Voozh

Over the past few months, I've been trying to replace as many of the browser extensions I use daily as possible with a local LLM. To my surprise, I've managed to replace quite a few of them while also adding functionality that those extensions never offered in the first place.

The first extension I got rid of was Grammarly. If you have ever used this extension, you know how annoying the constant pop-ups and distractions can be. Once I set up a local LLM, Grammarly became one of the easiest tools to replace. I also replaced several video summarizers, browser assistants, and research tools.

👁 Ollama in terminal

My local LLM can call Claude when it's stuck, and it changed everything about my local-first setup

Local LLMs aren't very good on their own

By Anurag Singh

Setting my local LLM up for browser use

Turning the browser into an AI client

You can set up a local LLM for use in your browser in two main ways. The first is by connecting a browser extension to a local server running on your machine. The second is to use extensions that run models directly in the browser.

I went with the first option and connected my browser to a local Ollama instance. This is the more flexible approach because it allows you to run larger and more capable models. In this setup, Ollama acts as the backend server that handles all the heavy lifting, while the browser extension serves as the user interface.

Start by installing Ollama and downloading a model. I used Qwen 3, but Llama 3.2 and Gemma 3 also work well. As a general rule, stick to models with fewer than 14 billion parameters if your system has less than 16GB of RAM. If you have a more powerful GPU with additional memory available, you can comfortably run larger models.

Once the model is running, you'll need to configure browser access through CORS. Modern browsers restrict direct communication with local servers for security reasons. To allow extensions to connect to your Ollama instance, you must configure the OLLAMA_ORIGINS environment variable.

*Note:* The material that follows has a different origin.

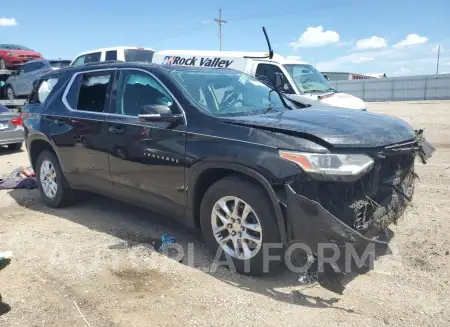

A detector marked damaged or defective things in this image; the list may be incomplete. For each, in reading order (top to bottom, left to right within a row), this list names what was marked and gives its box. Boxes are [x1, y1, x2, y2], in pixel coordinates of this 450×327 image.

exposed front end damage [284, 131, 434, 294] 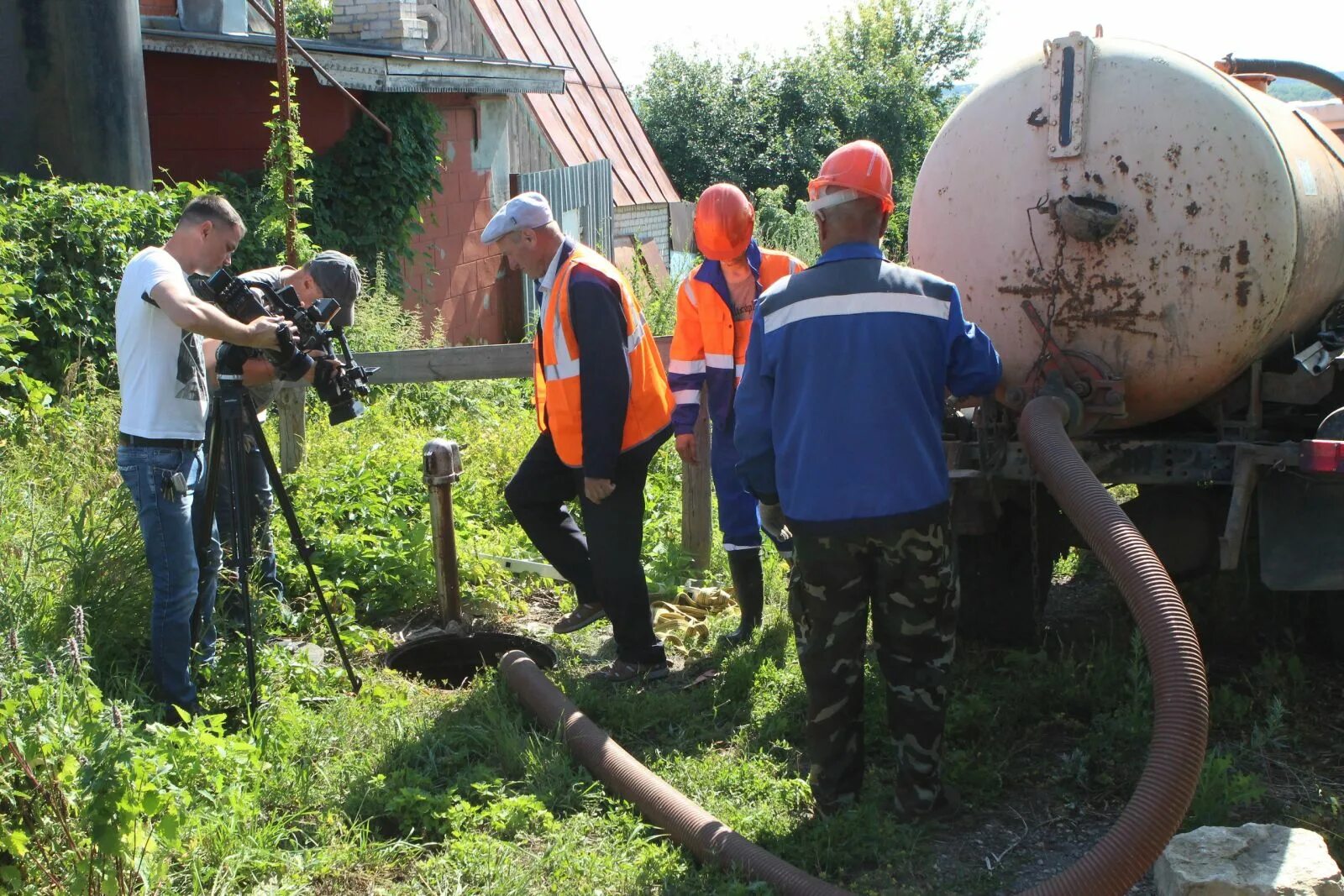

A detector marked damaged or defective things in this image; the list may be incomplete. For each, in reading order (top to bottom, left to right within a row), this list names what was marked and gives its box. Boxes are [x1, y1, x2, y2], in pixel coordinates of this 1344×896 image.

rusty tank surface [908, 31, 1344, 429]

The second approach is to use standalone browser extensions that run models entirely within the browser. These tools rely on technologies such as WebGPU and WebAssembly to execute models inside the browser sandbox without requiring any external software.

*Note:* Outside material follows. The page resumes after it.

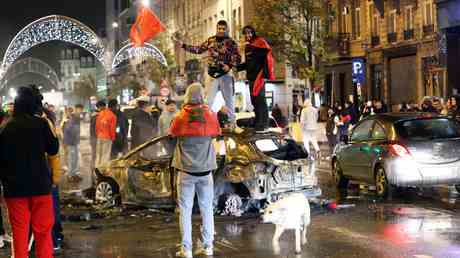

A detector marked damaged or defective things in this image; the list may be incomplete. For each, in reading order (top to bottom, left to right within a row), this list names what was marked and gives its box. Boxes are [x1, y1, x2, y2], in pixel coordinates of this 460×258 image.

With these extensions, setup is usually as simple as selecting a model and waiting for it to download. The model weights are stored locally inside the browser, allowing them to work offline after the initial installation. NativeMind, for example, can run smaller models directly in the browser, making it easy to experiment without first setting up Ollama. Modern Chromium-based browsers are also beginning to expose built-in AI capabilities through APIs such as the Chrome Prompt API.

The extensions to replace

The great extension cleanup

Since I went with the first method, which was using a local server, I then installed a compatible browser extension and pointed it to my local Ollama endpoint. From here, you have several options depending on how you want to use the model.

Most AI browser extensions can be replaced with tools like PageAssist, which provides a sidebar interface for chatting with local models directly inside your browser. It includes support for webpage analysis, document understanding, and RAG workflows. There are also alternatives, such as Open WebUI, that offer a more polished experience and additional features.

If you're looking for something more capable, Nano Browser takes things a step further by adding agentic capabilities. Instead of simply answering questions about a webpage, it can perform actions across websites, automate repetitive tasks, and interact with web applications on your behalf.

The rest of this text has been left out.